• **Work to be completed**
Please copy all of the data that follows exactly, leaving any pictures out.

• **Input data**
-- -- --

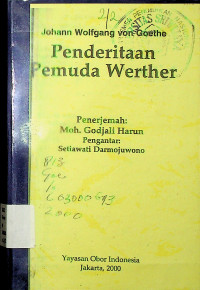 Penderitaan Pemuda Werther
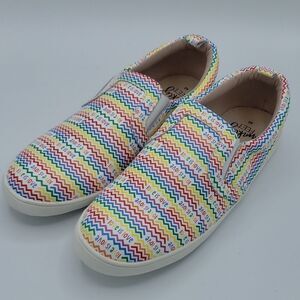 Pride Love Is Love Monkey Feet 40 Rainbow Slip On Shoes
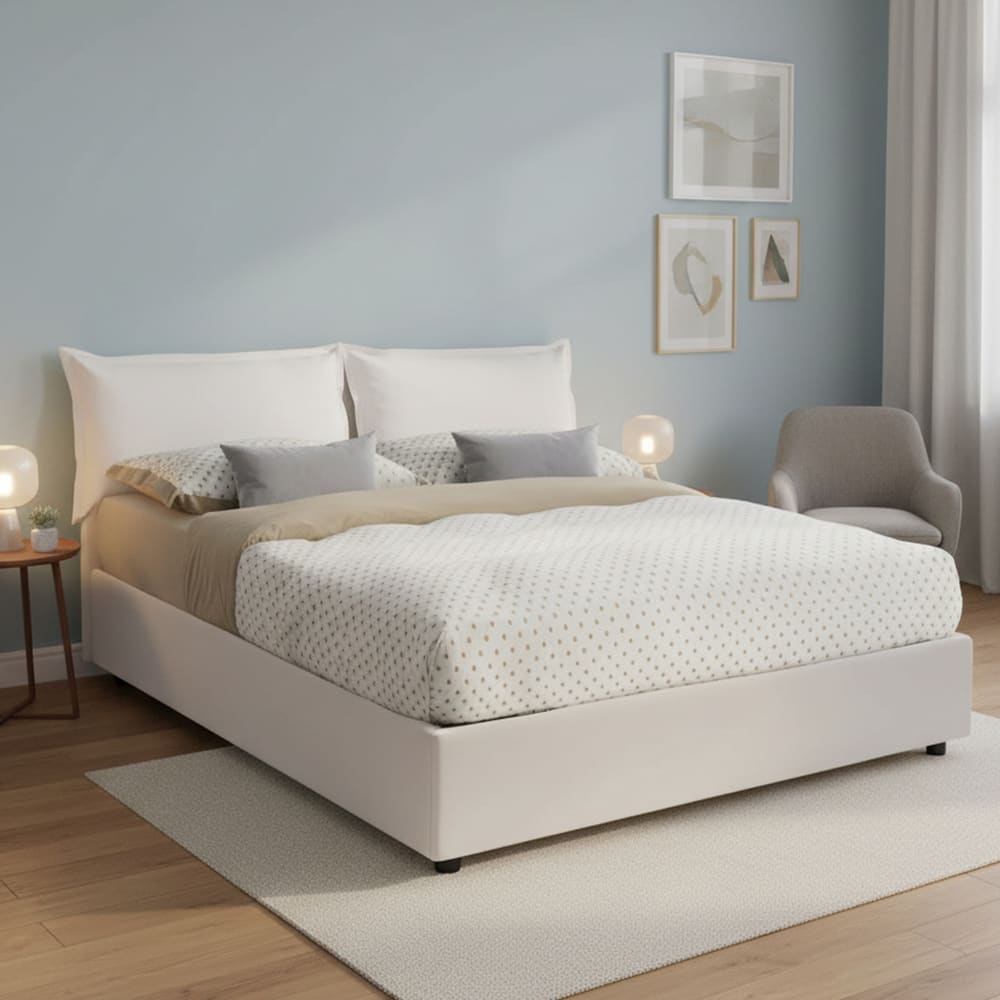 Letto alla francese bianco - Talamo Italia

-- -- --

• **Exercise output**
 Penderitaan Pemuda Werther
 Pride Love Is Love Monkey Feet 40 Rainbow Slip On Shoes
 Letto alla francese bianco - Talamo Italia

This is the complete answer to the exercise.